New Report Chain Reaction Research: Financial Restructuring Could Be Delayed Due to Serious Allegations
JBS (JBSAY) is the world’s largest meat company by revenues, capacity, and production including beef, poultry, lamb and pork. It is the largest beef exporter from Brazil. JBS sells its meat products under a range of brands including Swift, Friboi, Seara, Pilgrim’s Pride, Gold Kist Farms, Pierce, 1855, Primo, and Beehive. JBS has executed an aggressive acquisition strategy outside Brazil. As a result, it has high net debt and low equity valuation multiples and now the company lacks room for continued consolidation. Consequently, JBS planned an IPO in May or June 2017 of its activities outside Brazil. This planned IPO of JBS Foods International (JBSFI) represents 85 percent of JBS sales. Barclays PLC is lead underwriter.
- JBS corruption and a USD 3.16 billion leniency agreement by J&F are connected to financial and governance risks that may prevent the company from reaching its goals of reducing net debt and unlocking shareholder value.
- JBS conduct raises concerns over implementation of its Corporate Social Responsibility policies. Cattle ranching is a major driver of deforestation in Brazil. It has large a greenhouse gas emissions footprint requiring ambitious and transparent action to eradicate deforestation from JBS supply chains.
- JBS revenue and EBITDA may continue to be weak as many customers might be sensitive to ESG concerns like corruption, contamination, deforestation and slave labor allegations.
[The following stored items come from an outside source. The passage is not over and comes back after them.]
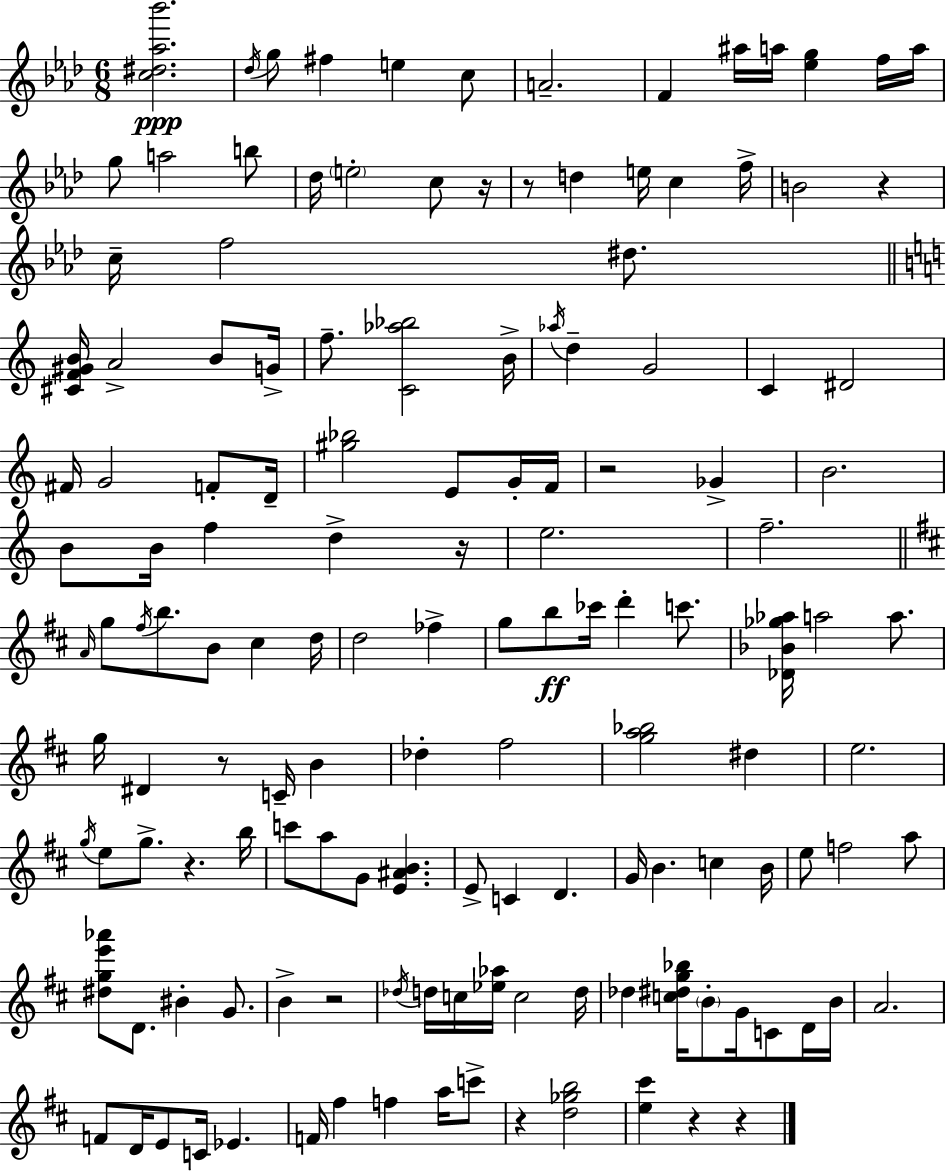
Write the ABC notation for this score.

X:1
T:Untitled
M:6/8
L:1/4
K:Fm
[c^d_a_b']2 _d/4 g/2 ^f e c/2 A2 F ^a/4 a/4 [_eg] f/4 a/4 g/2 a2 b/2 _d/4 e2 c/2 z/4 z/2 d e/4 c f/4 B2 z c/4 f2 ^d/2 [^CF^GB]/4 A2 B/2 G/4 f/2 [C_a_b]2 B/4 _a/4 d G2 C ^D2 ^F/4 G2 F/2 D/4 [^g_b]2 E/2 G/4 F/4 z2 _G B2 B/2 B/4 f d z/4 e2 f2 A/4 g/2 ^f/4 b/2 B/2 ^c d/4 d2 _f g/2 b/2 _c'/4 d' c'/2 [_D_B_g_a]/4 a2 a/2 g/4 ^D z/2 C/4 B _d ^f2 [ga_b]2 ^d e2 g/4 e/2 g/2 z b/4 c'/2 a/2 G/2 [E^AB] E/2 C D G/4 B c B/4 e/2 f2 a/2 [^dge'_a']/2 D/2 ^B G/2 B z2 _d/4 d/4 c/4 [_e_a]/4 c2 d/4 _d [c^dg_b]/4 B/2 G/4 C/2 D/4 B/4 A2 F/2 D/4 E/2 C/4 _E F/4 ^f f a/4 c'/2 z [d_gb]2 [e^c'] z z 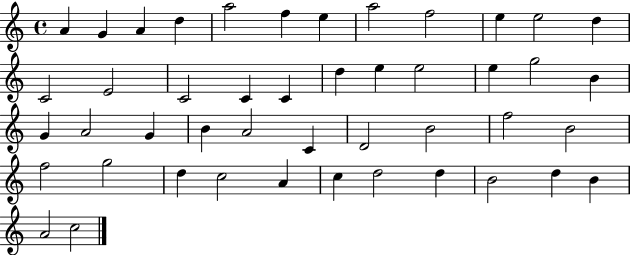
{
  \clef treble
  \time 4/4
  \defaultTimeSignature
  \key c \major
  a'4 g'4 a'4 d''4 | a''2 f''4 e''4 | a''2 f''2 | e''4 e''2 d''4 | \break c'2 e'2 | c'2 c'4 c'4 | d''4 e''4 e''2 | e''4 g''2 b'4 | \break g'4 a'2 g'4 | b'4 a'2 c'4 | d'2 b'2 | f''2 b'2 | \break f''2 g''2 | d''4 c''2 a'4 | c''4 d''2 d''4 | b'2 d''4 b'4 | \break a'2 c''2 | \bar "|."
} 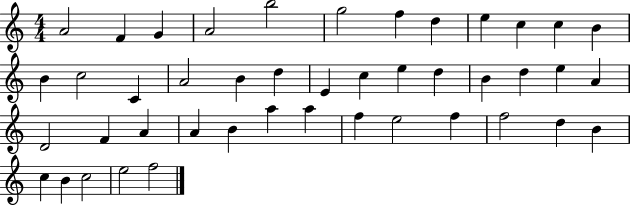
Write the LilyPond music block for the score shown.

{
  \clef treble
  \numericTimeSignature
  \time 4/4
  \key c \major
  a'2 f'4 g'4 | a'2 b''2 | g''2 f''4 d''4 | e''4 c''4 c''4 b'4 | \break b'4 c''2 c'4 | a'2 b'4 d''4 | e'4 c''4 e''4 d''4 | b'4 d''4 e''4 a'4 | \break d'2 f'4 a'4 | a'4 b'4 a''4 a''4 | f''4 e''2 f''4 | f''2 d''4 b'4 | \break c''4 b'4 c''2 | e''2 f''2 | \bar "|."
} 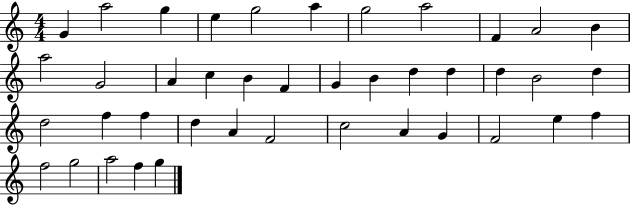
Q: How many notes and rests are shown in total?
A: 41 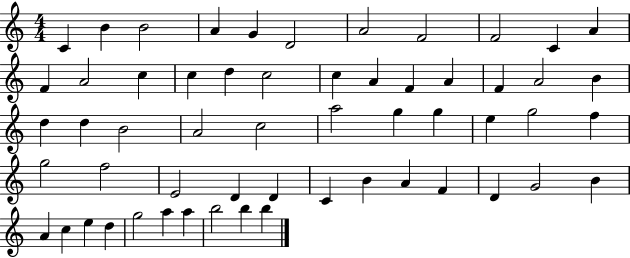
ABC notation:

X:1
T:Untitled
M:4/4
L:1/4
K:C
C B B2 A G D2 A2 F2 F2 C A F A2 c c d c2 c A F A F A2 B d d B2 A2 c2 a2 g g e g2 f g2 f2 E2 D D C B A F D G2 B A c e d g2 a a b2 b b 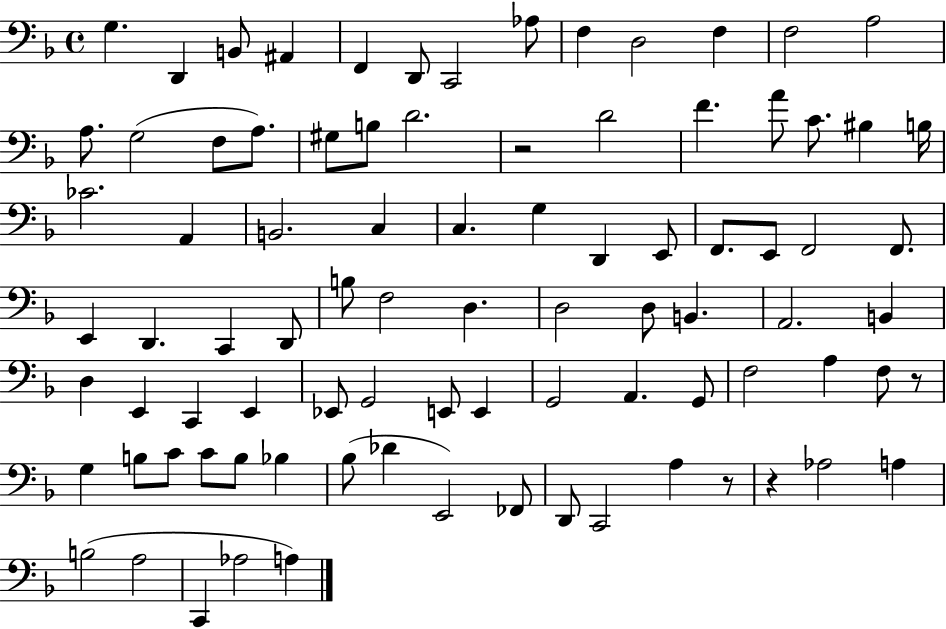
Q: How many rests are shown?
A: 4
Waitrose, McDonald’s and Domino’s Pizza Brazil already have reacted. Assuming 33 percent revenue-at-risk in Brazil (USD 2.4 billion), this could affect more than 10 percent of JBS’ market cap.
- International investors may be hesitant to invest in JBSFI IPO amid growing allegations. Investors increasingly have ESG and zero-deforestation policies in place. The current allegations and investigations create a climate in which an IPO can only occur with a large valuation discount versus peers. JBS USA bondholders and investors holding Pilgrim’s Pride shares might also divest.
- A risk of a larger-than-anticipated share-offering and/or low-priced divestments; both might dilute existing JBS equity. To decrease its 3.6X Q4 2016 net debt/EBITDA ratio to 2X, JBS needs its JBSFI IPO to exceed USD 6 billion, probably with a valuation discount in that IPO. JBS equity dilution would be 30 percent if JBS would reduce its stake in JBSFI to 50 percent. This dilution considers lower interest charges due to the JBSFI IPO proceeds. In an alternative scenario if JBS continues with its divestments, its dilution might then be 63 percent.